Parliamentary sovereignty means just that - Parliament is sovereign in law-making and can make (and unmake) whatever laws it wants.
One option would be to entrench the compensation clause. Entrenchment means amendments can be made only by an extraordinary majority (75 per cent) of all MPs or a majority at a referendum. But Parliament's standing orders require an extraordinary majority to entrench provisions. For obvious reasons the Government did not suggest this - it cannot muster such a majority. So a majority of one will be all that is needed to amend any statutory provision promising compensation.
When the Government renationalised ACC in 2000, the Accident Insurance (Transitional Provisions) Act 2000 ruled out compensation to insurance companies which had entered the market. And when the Government banned the logging of native forest on the West Coast, that act ruled out compensation.
The Public Works Act 1981 does provide a statutory right to compensation for land that has been acquired for or damaged by public works, but there is no right to compensation because legislation has affected you or your business.
Some countries have "takings clauses" in their rights protection legislation, enshrining the principle of compensation for the taking of "property" in statute. Even then it is unclear that such a provision would guarantee SkyCity the right to be compensated for losing a favourable regulatory environment.
It may be that the investor-state dispute resolution provisions in the proposed Trans-Pacific Partnership Agreement could provide recourse for SkyCity's shareholders through international dispute resolution procedures.
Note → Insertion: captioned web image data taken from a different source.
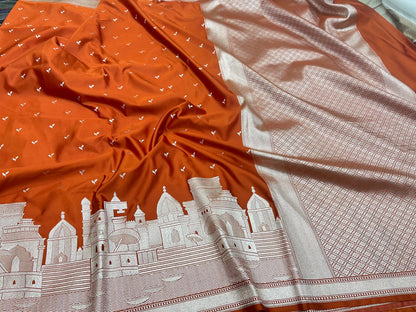 Banarasi Ganga Ghat Rust Orange Mashru Silk Saree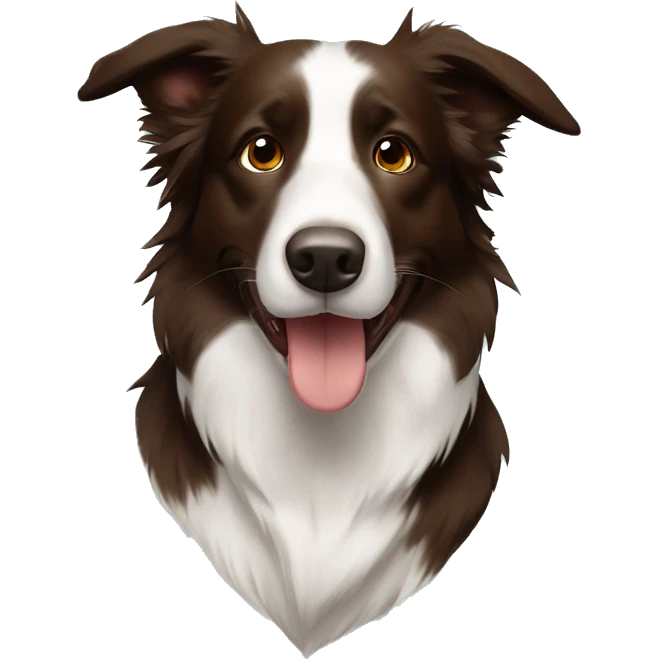 Brown and white border collie corazon emoji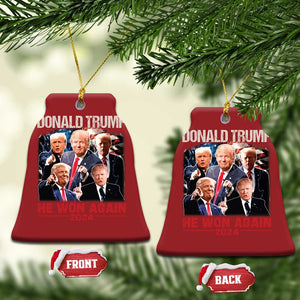 Donald Trump 2024 Christmas Ornament He Won Again Retro 90s Flag TS10 Bell Flake Red Print Your Wear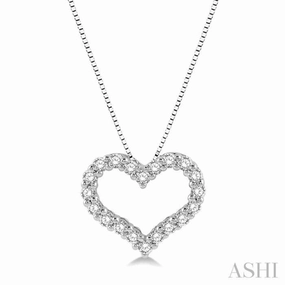 1/4 Ctw Heart Shape Round Cut Diamond Pendant With Chain in 14K White Gold Universal Fit Stylish Style
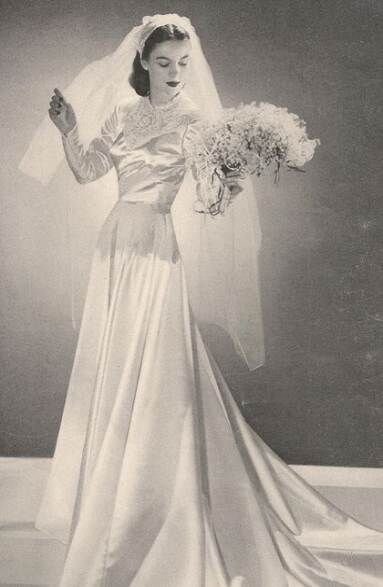 Vintage 1940's Slipper Satin Wedding Dress With Extra Long Train - Etsy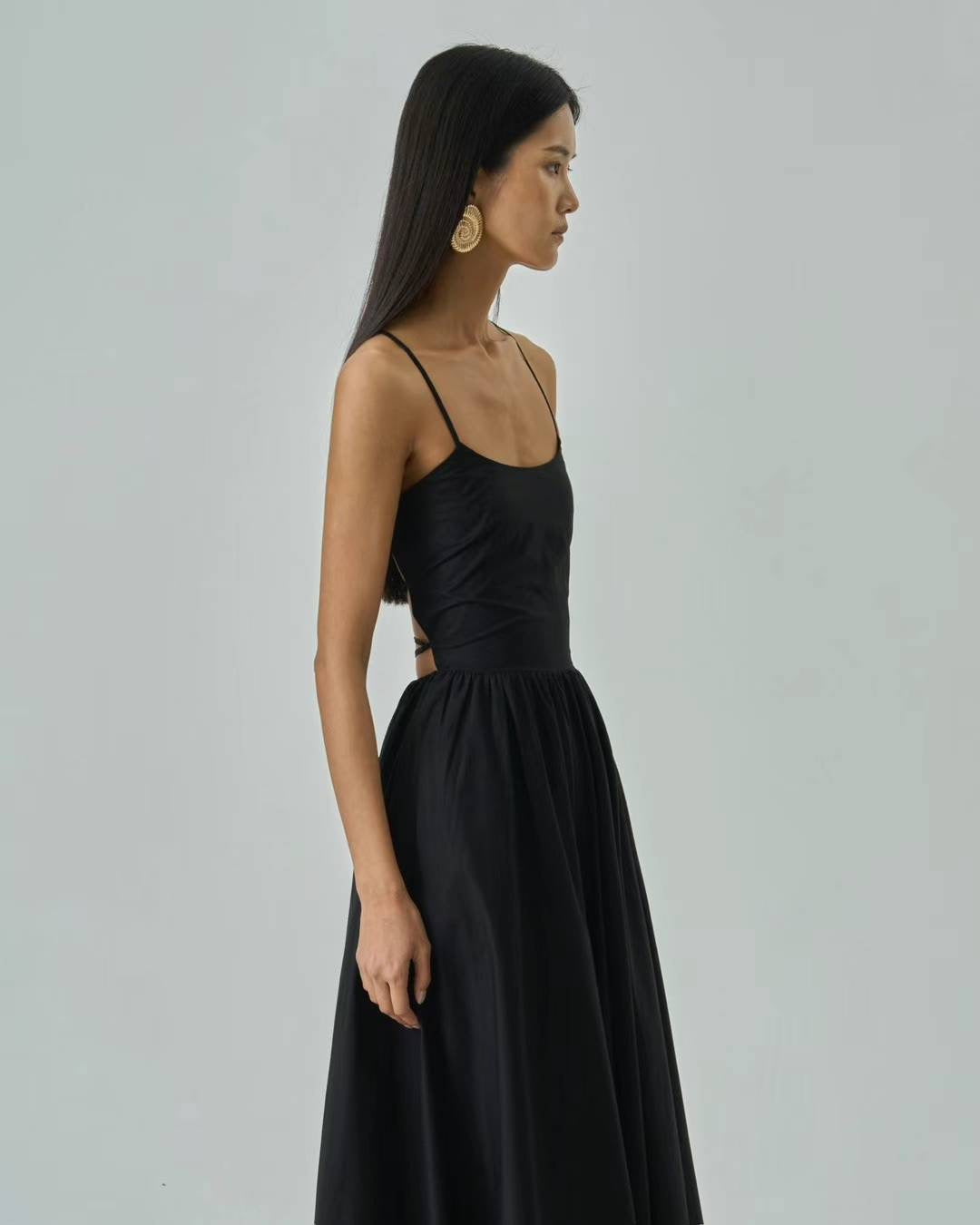 Lena Black Cotton Maxi Dress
Tobacco companies' proceedings against the Australian Government for implementing plain packaging are a precedent for this.
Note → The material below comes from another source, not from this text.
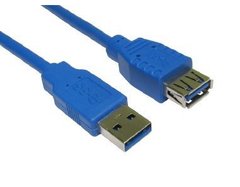 Кабель Atcom удлинитель USB 3.0 AM/AF, 0.8m. голубой (USB: папа - мама) (11202)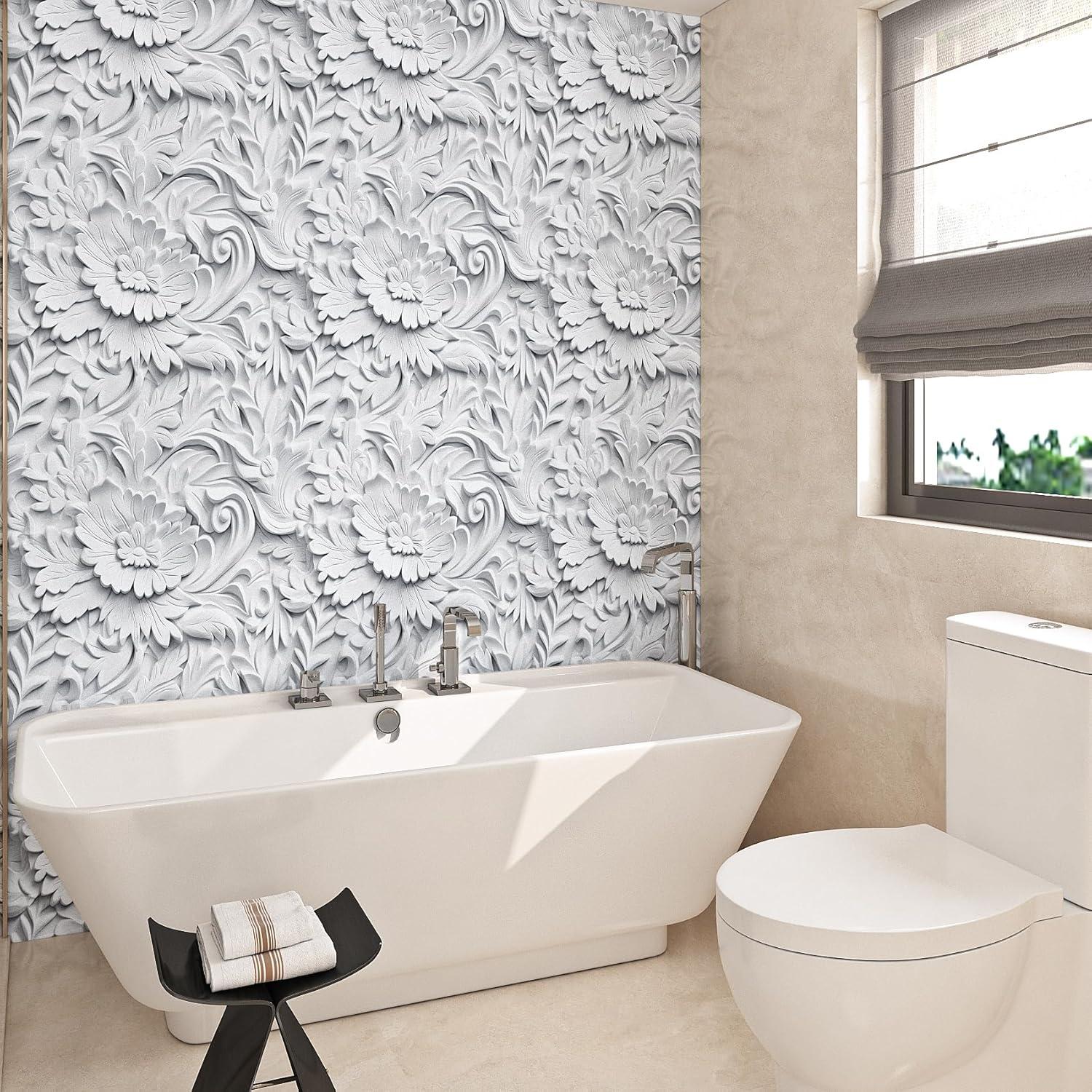Papel Tapiz Autoadhesivo Floral 3D Gris ReWallpaper 276x44.5cm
But the TPPA has not yet been signed and it is not clear when that will happen.
If a subsequent government did legislate to repeal a compensation clause for breach of contract, it could scare off further foreign direct investment.
Against this risk are the benefits - the casino will be able to expand its gambling opportunities by adding 230 extra poker machines, 40 extra gaming tables, 12 automatic gaming tables, having 17 per cent of its machines able to accept notes bigger than $20 and the introduction of cashless gambling.
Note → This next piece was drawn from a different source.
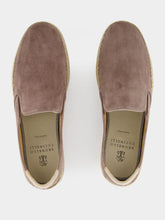 Brunello Cucinelli Taupe Washed Suede Slip-Ons with Rope Detail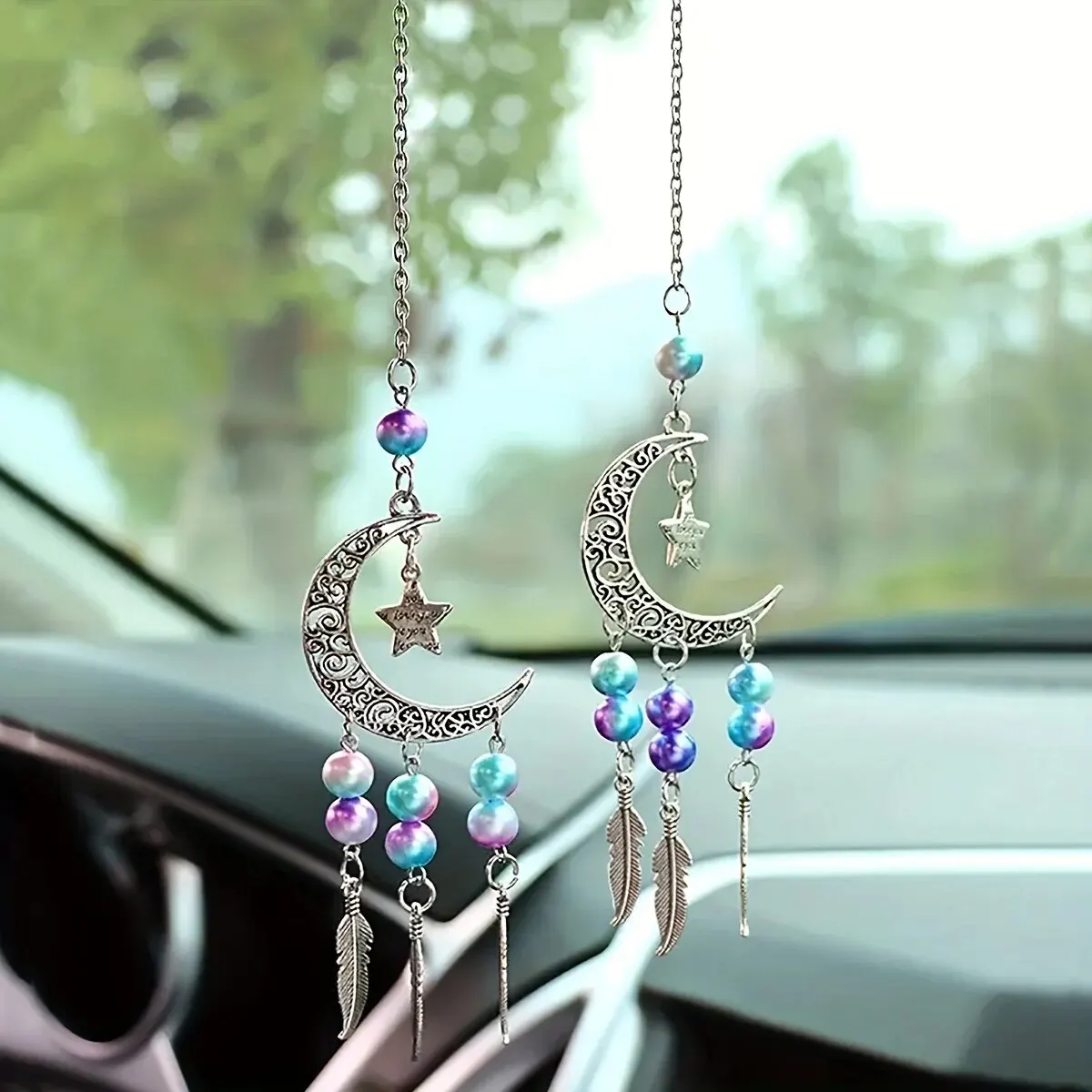 2 шт. Набор Ловец снов луна бисер колокольчики Подвесные Украшения для украшения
SkyCity also gains the certainty of its casino licence being extended by 27 years until 2048, and it will be entitled to compensation if any of its regulatory concessions are changed in the next 35 years.
It will spend more than $400 million on a convention centre, but analysts at KordaMentha calculate a 12 per cent return on SkyCity's investment. And the response of the share market to the deal suggests shareholders think this gamble is worth it.
The fact remains, however, that the Parliament that alone can give SkyCity the benefits it seeks is also the institution that could take those benefits away without compensation. But calculating odds is SkyCity's business.
Mai Chen is managing partner of Chen Palmer lawyers and an adjunct professor at the University of Auckland Business School.